PROBLEM STATEMENT.
Without including any pictures, write out the data below exactly.

** Opening SUPPLIED MATERIAL block **

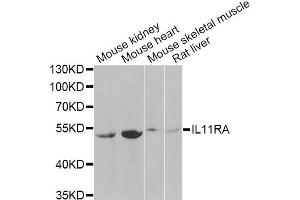 Western blot analysis of extracts of various cell lines, using IL11RA Antibody (ABIN2563389) at 1:1000 dilution. (IL11RA anticorps)
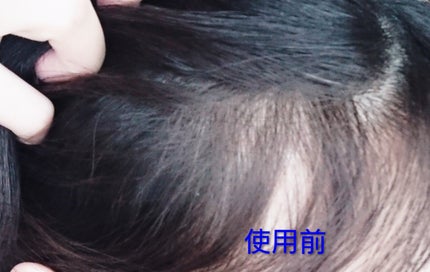 アデノバイタル スカルプ パワーショット/サブリミック/頭皮ローションを使ったクチコミ(5枚目)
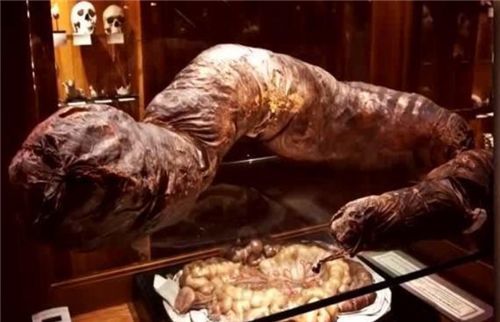 5米的长度,而约翰的大肠硬是被粪便挤胀到了1.8米.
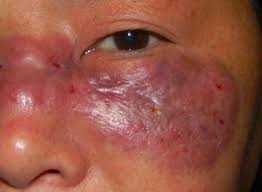 Dans ce pays, dépassé par une vague incontrôlable, plusieurs milliers de patients ont subi une mucormycose, ou champignon noir (black fingus), une infection qui peut notamment toucher les yeux et. Covid 19 Une Infection Grave Dite Du Champignon Noir Apparait Chez Des Patients En Inde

** Closing SUPPLIED MATERIAL block **

ANSWER SPACE.
 Western blot analysis of extracts of various cell lines, using IL11RA Antibody (ABIN2563389) at 1:1000 dilution. (IL11RA anticorps)
 アデノバイタル スカルプ パワーショット/サブリミック/頭皮ローションを使ったクチコミ(5枚目)
 5米的长度,而约翰的大肠硬是被粪便挤胀到了1.8米.
 Dans ce pays, dépassé par une vague incontrôlable, plusieurs milliers de patients ont subi une mucormycose, ou champignon noir (black fingus), une infection qui peut notamment toucher les yeux et. Covid 19 Une Infection Grave Dite Du Champignon Noir Apparait Chez Des Patients En Inde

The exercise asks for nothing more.